*Problem description:* The answer must be an exact copy of the entries that follow, with all images removed.

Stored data

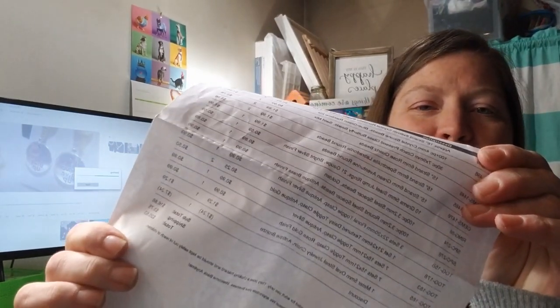When I order from them or from any site online, I pretty much give myself a $20 spending limit, which includes shipping. So for that $20, I was able to get a good amount of stuff.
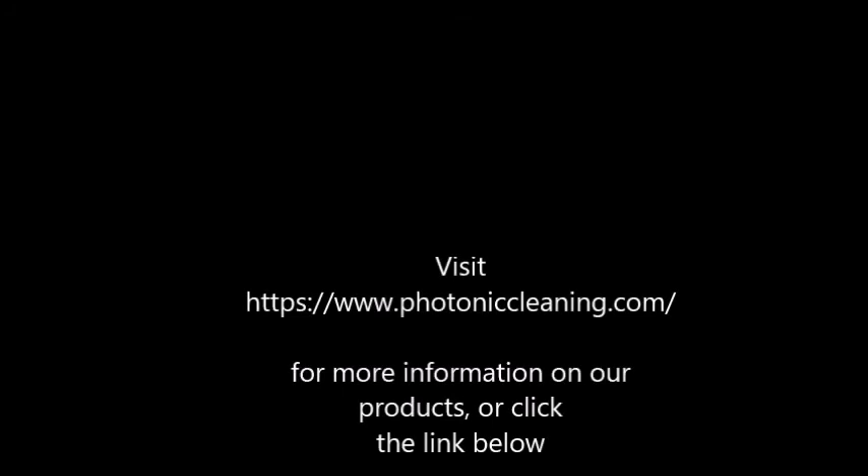For more information, check out PhotonicCleaning.com or click the link in the description below. Watch some of our other videos and quick help guides here on YouTube, and subscribe to our channel for when new videos on our product come out. We'll see you in the next video.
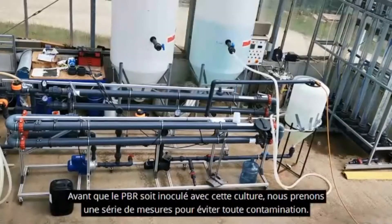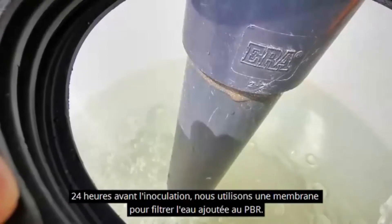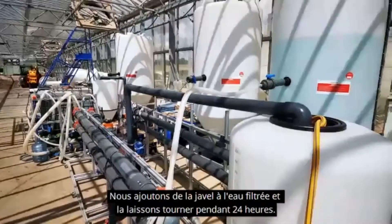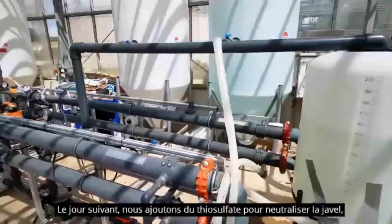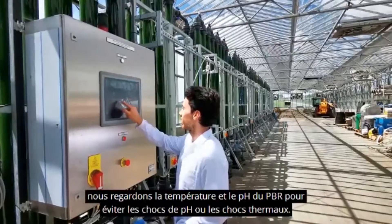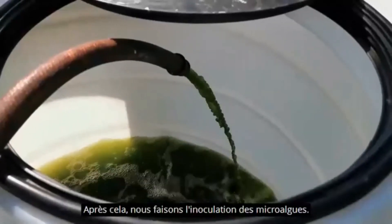But before the PBR inoculation with the culture, we must first take a series of steps to avoid any kind of contamination. 24 hours before the inoculation, we use the membrane to filter the water that is added to the PBR. We add bleach to the water filtered in the PBR and we leave it running for 24 hours. The next day, we add thiosulfate to neutralize the bleach. We check the temperature and pH of the PBR to avoid thermal or pH shocks, and after that, we perform the inoculation of the microalgae.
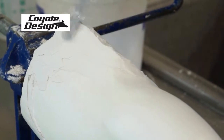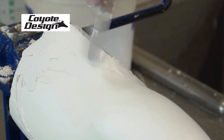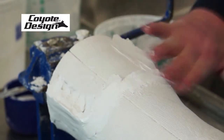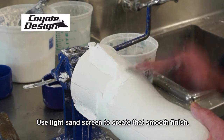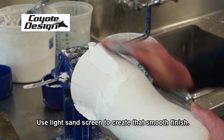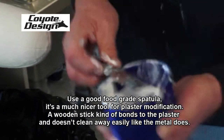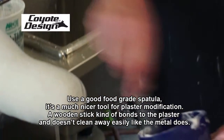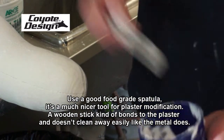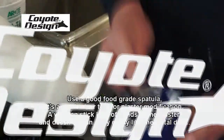Having these two plaster mixes fairly similar in makeup speeds up the whole modification process. It can be smoothed by hand while it's fresh, and as it continues to cure and set up firmer, just use light sand screen to create a smooth finish. Another part of this technique that makes a real difference is using a good food grade spatula — a wooden stick bonds to the plaster and doesn't clean away easily like metal does, making it a much nicer tool for plaster modification.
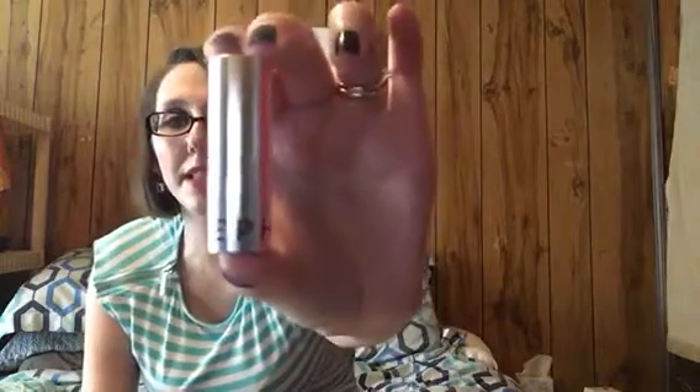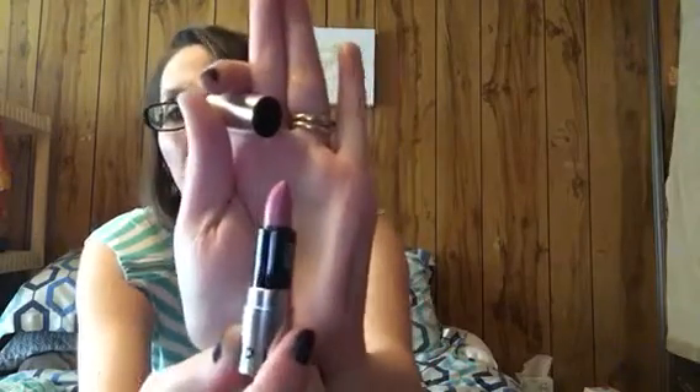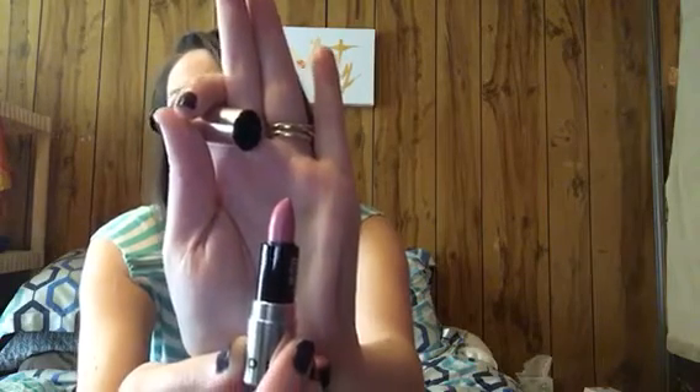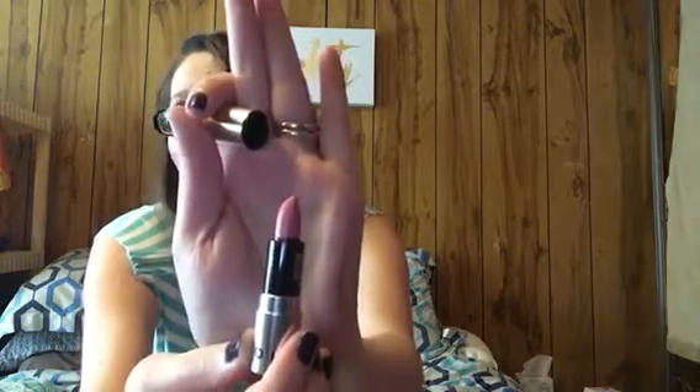Next up is a Sephora Rouge Brilliant Shine lipstick — looks like the Sephora brand. Let's open it up and see — oh, it's like a baby lipstick! That looks like a pretty perfect color, just a good everyday color to wear to work or any day. Can't wait to try that.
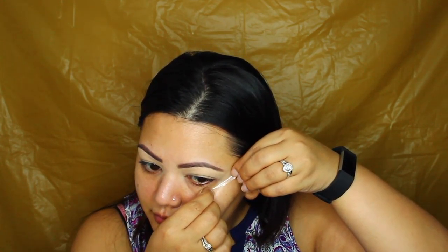Hey guys, welcome back to my channel. Thank you so much for tuning in. We're doing another makeup look in my seven days to Diwali makeup series, and I'm starting out with primed eyelids, brows in place.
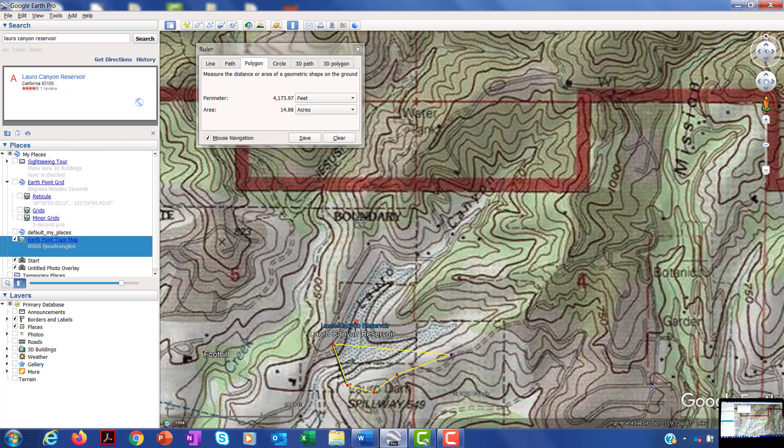What I hope you turn in is a screenshot or some kind of evidence that you have been able to do this delineation and what your area is in acres. Use that area estimate to answer the questions that are in the assignment.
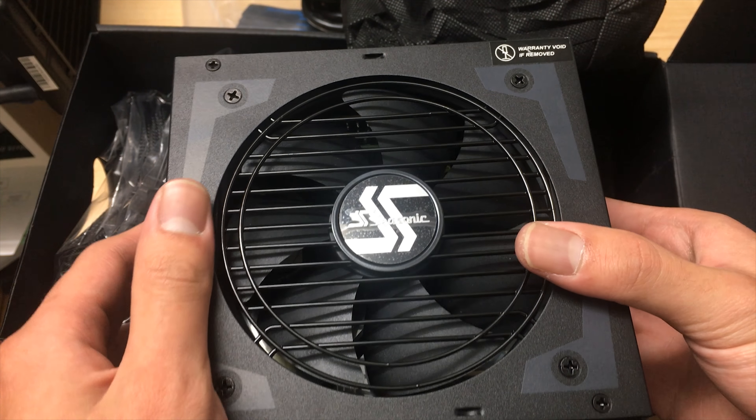This is a very nice power supply and I wouldn't hesitate to buy it if you need an 850 watt unit or any other wattage in the Seasonic Focus lineup — it's basically one of the best value and best performing power supplies out there. I don't understand why you'd buy another brand unless you specifically need features like Corsair Link. That's it for this unboxing and review — thanks for watching, hope you enjoyed it, please like and subscribe!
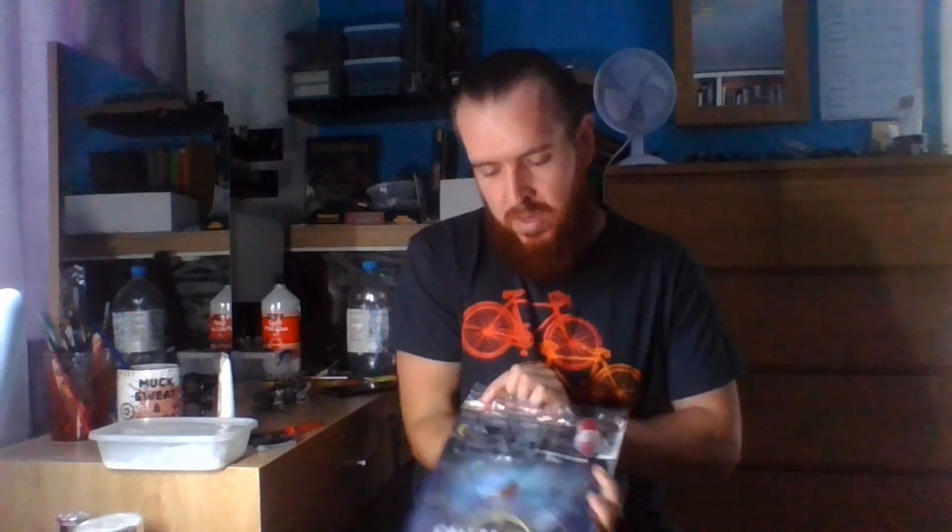Hi, welcome to ITR Miniatures. It's Mortal Realms Monday, so today we're going to be continuing on with the magazine series. We're up to issue 10 now, and in this issue we're getting a Tomb Banshee. Let's open it up and see what we've got.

*The answer:*
When I order from them or from any site online, I pretty much give myself a $20 spending limit, which includes shipping. So for that $20, I was able to get a good amount of stuff.
For more information, check out PhotonicCleaning.com or click the link in the description below. Watch some of our other videos and quick help guides here on YouTube, and subscribe to our channel for when new videos on our product come out. We'll see you in the next video.
But before the PBR inoculation with the culture, we must first take a series of steps to avoid any kind of contamination. 24 hours before the inoculation, we use the membrane to filter the water that is added to the PBR. We add bleach to the water filtered in the PBR and we leave it running for 24 hours. The next day, we add thiosulfate to neutralize the bleach. We check the temperature and pH of the PBR to avoid thermal or pH shocks, and after that, we perform the inoculation of the microalgae.
Having these two plaster mixes fairly similar in makeup speeds up the whole modification process. It can be smoothed by hand while it's fresh, and as it continues to cure and set up firmer, just use light sand screen to create a smooth finish. Another part of this technique that makes a real difference is using a good food grade spatula — a wooden stick bonds to the plaster and doesn't clean away easily like metal does, making it a much nicer tool for plaster modification.
Next up is a Sephora Rouge Brilliant Shine lipstick — looks like the Sephora brand. Let's open it up and see — oh, it's like a baby lipstick! That looks like a pretty perfect color, just a good everyday color to wear to work or any day. Can't wait to try that.
Hey guys, welcome back to my channel. Thank you so much for tuning in. We're doing another makeup look in my seven days to Diwali makeup series, and I'm starting out with primed eyelids, brows in place.
What I hope you turn in is a screenshot or some kind of evidence that you have been able to do this delineation and what your area is in acres. Use that area estimate to answer the questions that are in the assignment.
This is a very nice power supply and I wouldn't hesitate to buy it if you need an 850 watt unit or any other wattage in the Seasonic Focus lineup — it's basically one of the best value and best performing power supplies out there. I don't understand why you'd buy another brand unless you specifically need features like Corsair Link. That's it for this unboxing and review — thanks for watching, hope you enjoyed it, please like and subscribe!
Hi, welcome to ITR Miniatures. It's Mortal Realms Monday, so today we're going to be continuing on with the magazine series. We're up to issue 10 now, and in this issue we're getting a Tomb Banshee. Let's open it up and see what we've got.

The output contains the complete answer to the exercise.